How to Use Basic Roll Patterns to Play Backup Bluegrass Banjo
If you listen carefully to any great bluegrass band, you’ll hear that each instrument, including the banjo, has a unique job to do. Whether you’re playing just a few notes (like the bass player) or a lot of notes (like, well, the banjo player!), it’s everyone’s responsibility to contribute to the precise rhythm of the total band.
It’s true that banjo players do get to play more notes than any other bluegrass musician, but this is a big responsibility! When you play smoothly and in good rhythm, you’re laying down a groove that locks in with the patterns that other musicians play to create the irresistible drive that defines great bluegrass music.
The banjo accomplishes this primarily through playing roll patterns, using these picking techniques for both featured solos and backup playing. Down‐the‐neck backup refers to playing picking patterns while fretting chords in the first position on the lower frets of your banjo (close to where the tuners are).
Before you can mix and match roll patterns with other backup techniques, you’ll need to get comfortable using the basic roll patterns as your primary backup.
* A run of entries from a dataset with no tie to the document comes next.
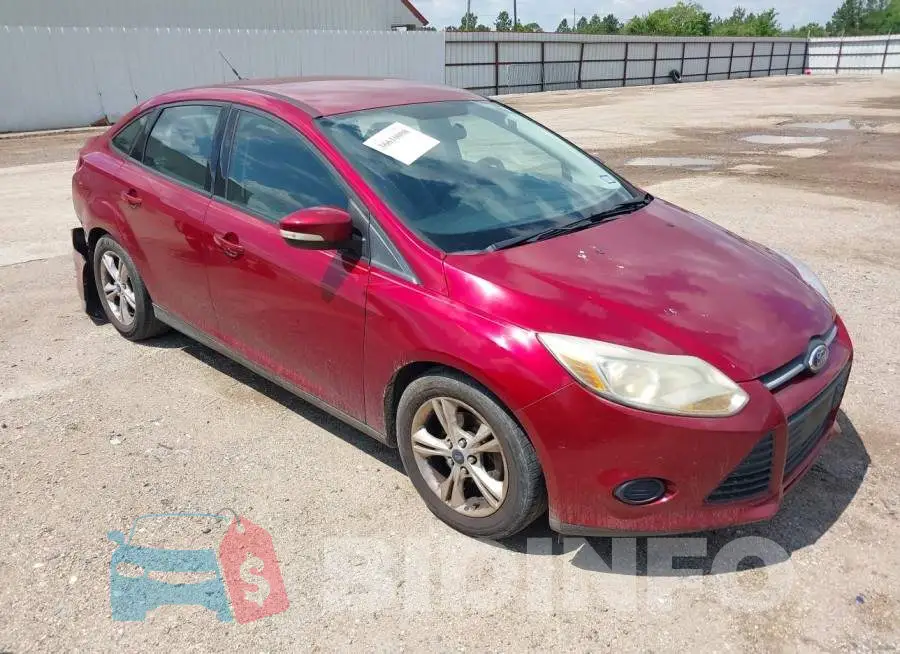 1FADP3F27EL145703 Photo# 1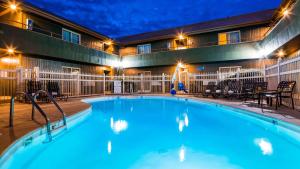 Rivertree Inn & Suites,Asotin County>>Asotin,3 star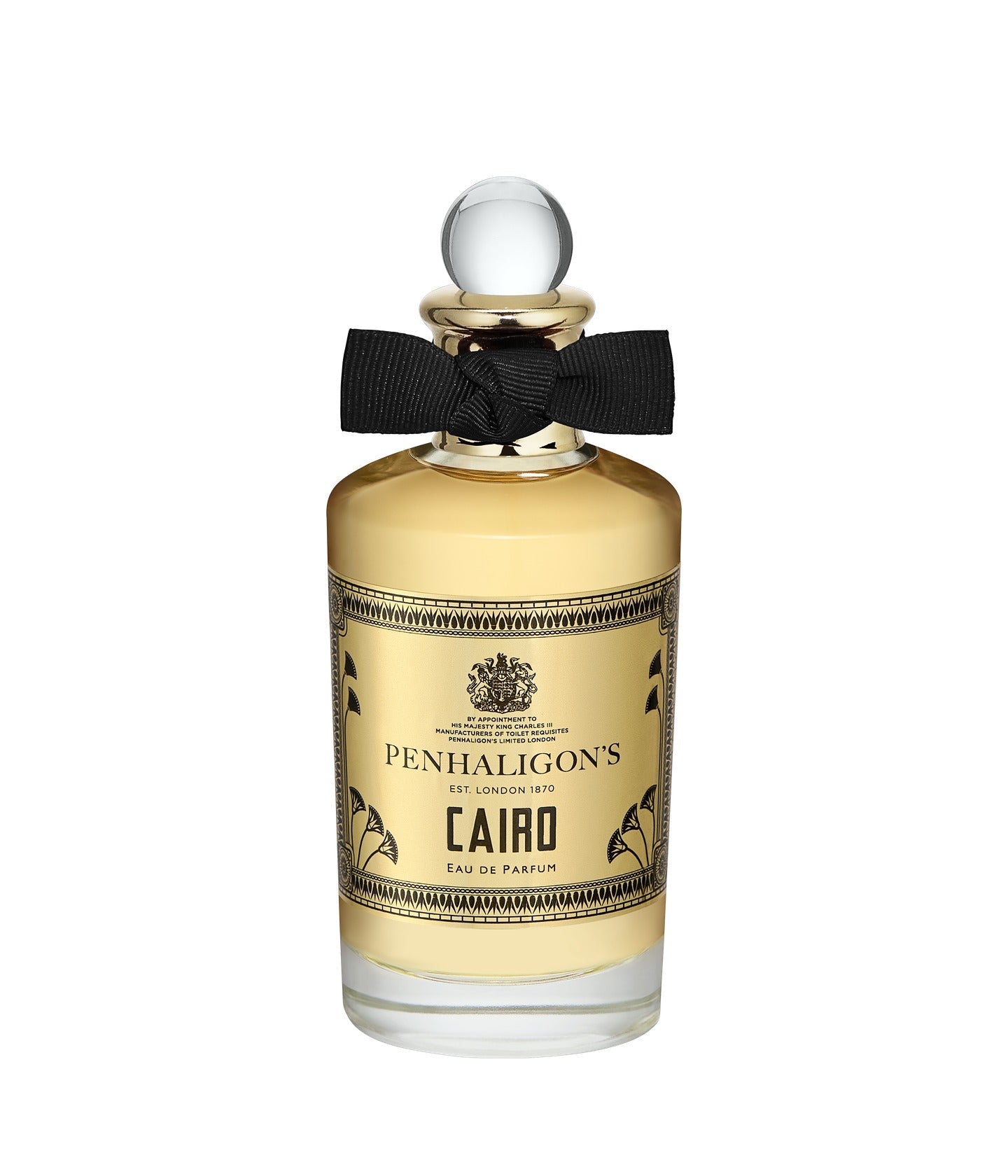 Eau de Parfum Cairo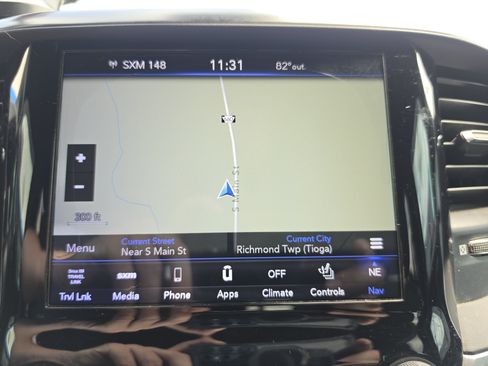 Used 2020 RAM 1500 Big Horn RWD image 31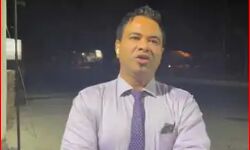 बर्खास्त डॉ कफील की निकली हेगडी- चंदे के लिये फैलाये हाथ बर्खास्त डॉ कफील की निकली हेगडी- चंदे के लिये फैलाये हाथ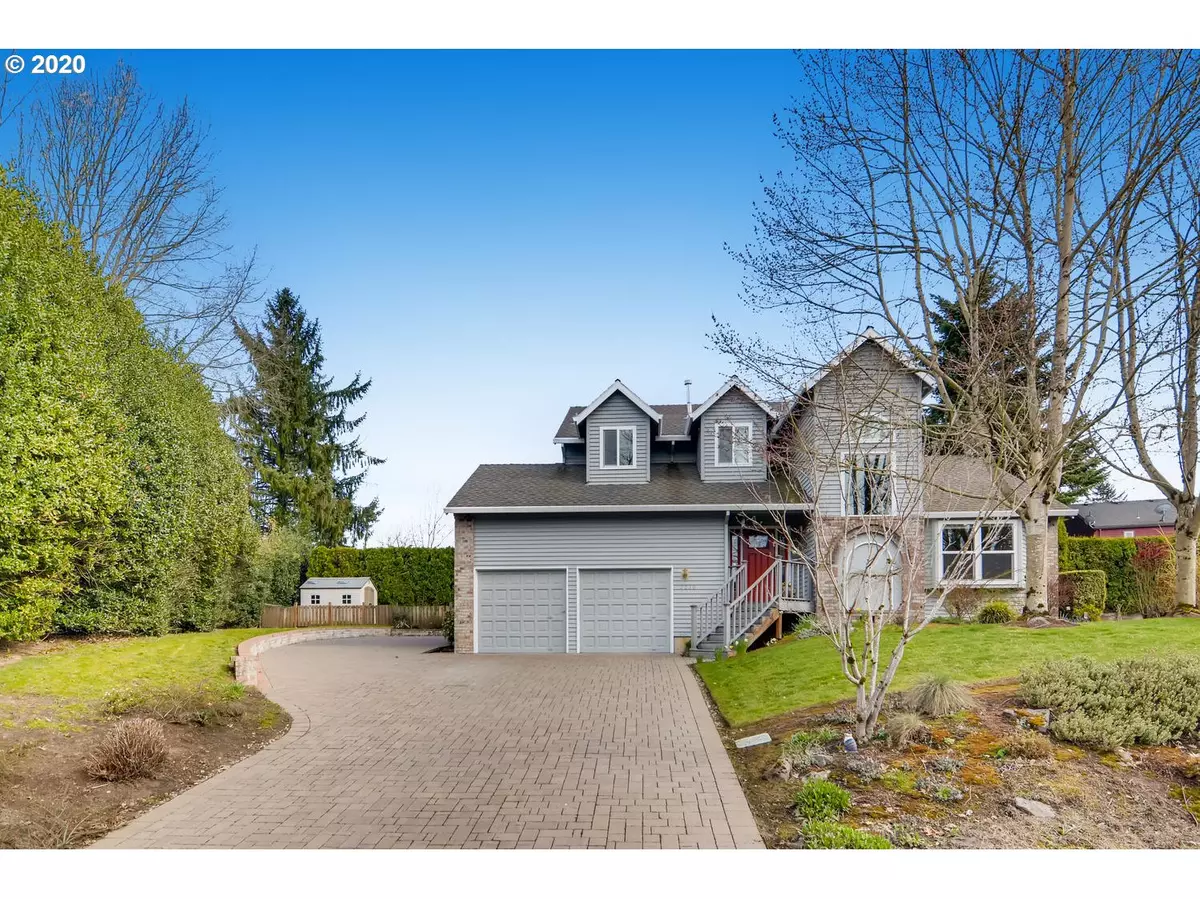 Lake Oswego, OR 97035,12030 SW ORCHARD HILL WAY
Here, you find your picking groove using alternating thumb, forward‐reverse, and forward rolls to accompany three bluegrass classics. Your job is to play these rolls smoothly and in good rhythm, not stopping as you move from one chord to the next.
Using alternating thumb rolls
The alternating thumb roll is a great way to get started with using roll patterns to play banjo backup. The tab below shows you how to use this roll as accompaniment to the Kentucky coal-mining classic “Nine Pound Hammer.”
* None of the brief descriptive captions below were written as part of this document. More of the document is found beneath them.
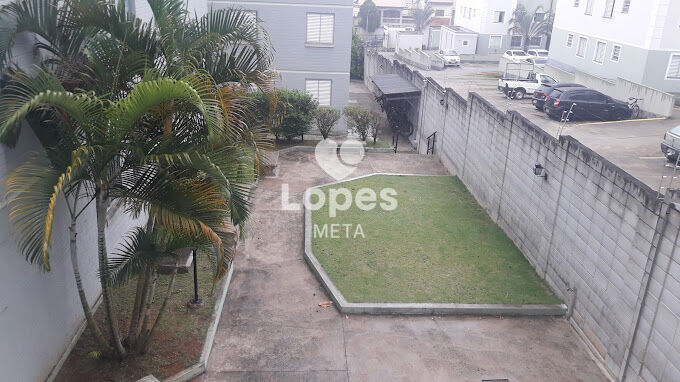 Apartamento, 2 quartos, 53 m² - Foto 17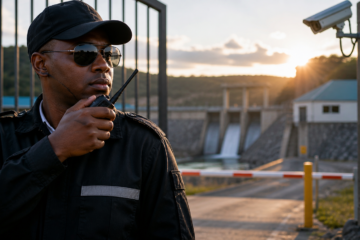 Security Officer Vacancy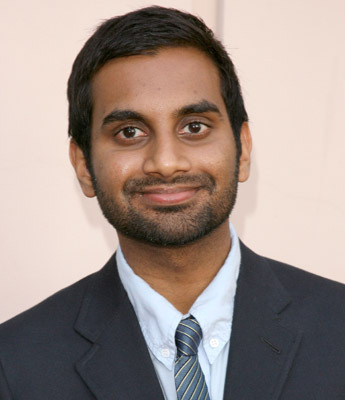 Aziz Ansari at event of Parks and Recreation (2009)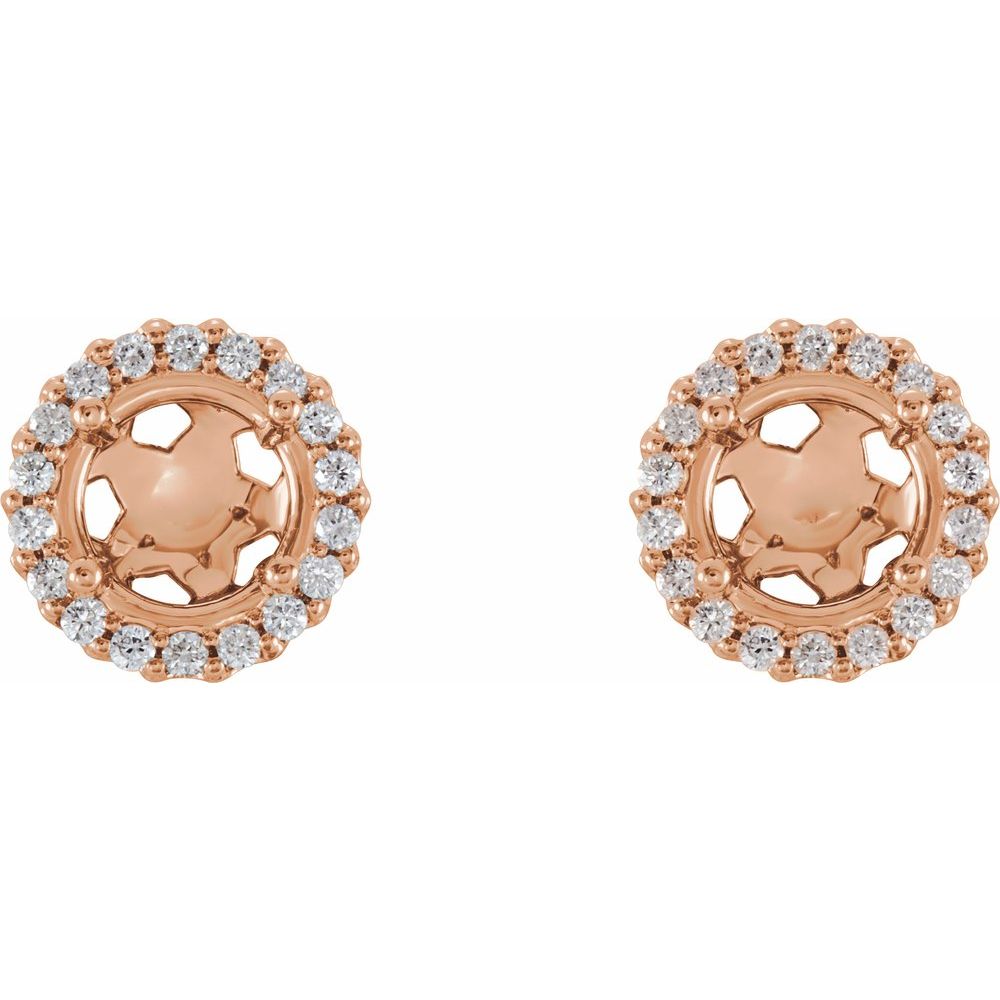 High Quality Luxury Earrings for Women by Ryan Jonathan Fine Jewelry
Using forward‐reverse rolls
The forward‐reverse roll is another way to effectively accompany others using down‐the‐neck backup techniques. Try this roll as an accompaniment to the Carter Family favorite “Will the Circle Be Unbroken.”
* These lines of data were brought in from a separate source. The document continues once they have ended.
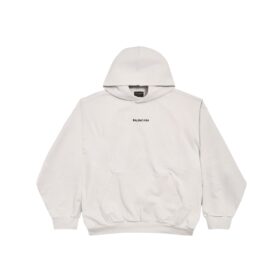 Medium Fit Weiß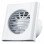  Ventilateur Domovent 125 Tisha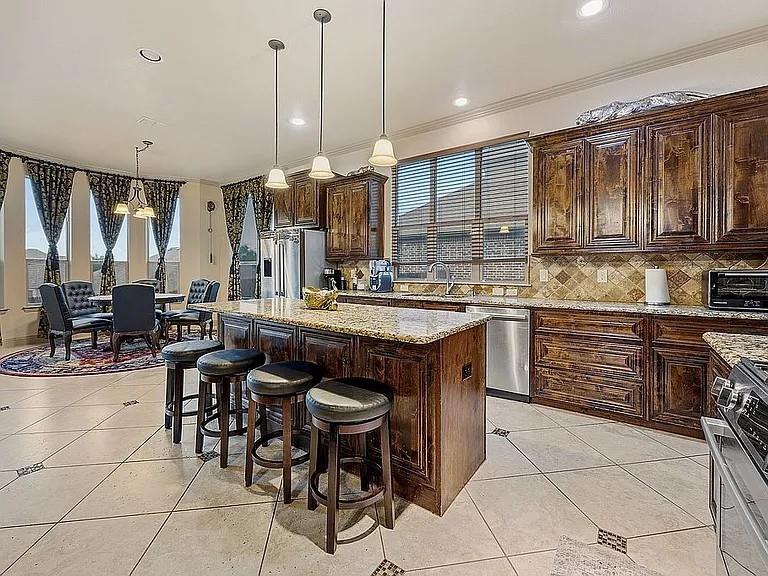 Primrose Crossing - Residential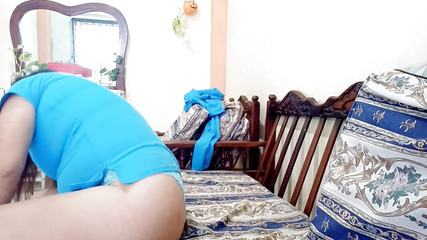 Martin13: Я клянусь, что только проникнуть в тебя на полпути к моему пенису!! Пациент обещает медсестре, что проникновение будет нежным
Although it’s natural to check out the tabs for all these examples, try not to stare at the written music as you play. If you’re already comfortable playing the roll patterns you need, it’s better to just play along with the audio track without looking at the tab. If you listen for the chord changes as you play through the tune, you’ll be using the same skills that you’ll need in real jam sessions.
Using forward rolls
Forward rolls put the drive and power into down‐the‐neck roll‐based backup playing, and these are the primary rolls that professional players use for this type of accompaniment. Because of the nature of the forward roll — which by definition contains some combination of notes played by the picking‐hand thumb, index finger, and middle finger in succession — it can be a challenge to fit the forward roll into one‐measure patterns.
Choosing forward rolls
Check out the tab below, which lays out some great choices for these patterns. You can play a seven‐note roll, where the first note is a quarter note that takes up the rhythmic space of two roll notes, or you can pick the conventional eight‐note roll. If you’re just getting used to playing forward rolls, try the seven‐note patterns first as written out for the G, C, and D7 chords, and then shift over to the eight‐note patterns when you’re ready.
When deciding which roll to play for backup, it’s a great idea to choose a roll variation that includes the strings that you’re fretting for the C and D7 chords. As you play through the examples, note that although the order of picking‐hand fingers remains the same, you’ll strike different strings for each chord. Playing the second string for the C chord reinforces to the listeners that this is the chord you want them to hear. For the D7 example, you play the third and fourth strings to create the same effect.
Adding fill‐in licks
Your backup playing will take a huge leap forward if you add a few tasty fill‐in licks to your repertoire of techniques. Fill‐in licks are used at the end of a chord progression, when you return to the G chord after playing a D7 chord, or when the singer takes a breath or pause between the lines of a song lyric. Fill‐in licks are interchangeable from one song to the next, so every time you learn one, you can use it in just about every other song you play.
Playing “Roll in My Sweet Baby’s Arms”
It’s time to combine these ideas to create a driving backup for “Roll in My Sweet Baby’s Arms,” a bluegrass standard associated with Flatt & Scruggs. Take care to adjust the roll patterns to highlight the fretted strings for each chord, and don’t forget to add those fill‐in licks whenever you get the chance.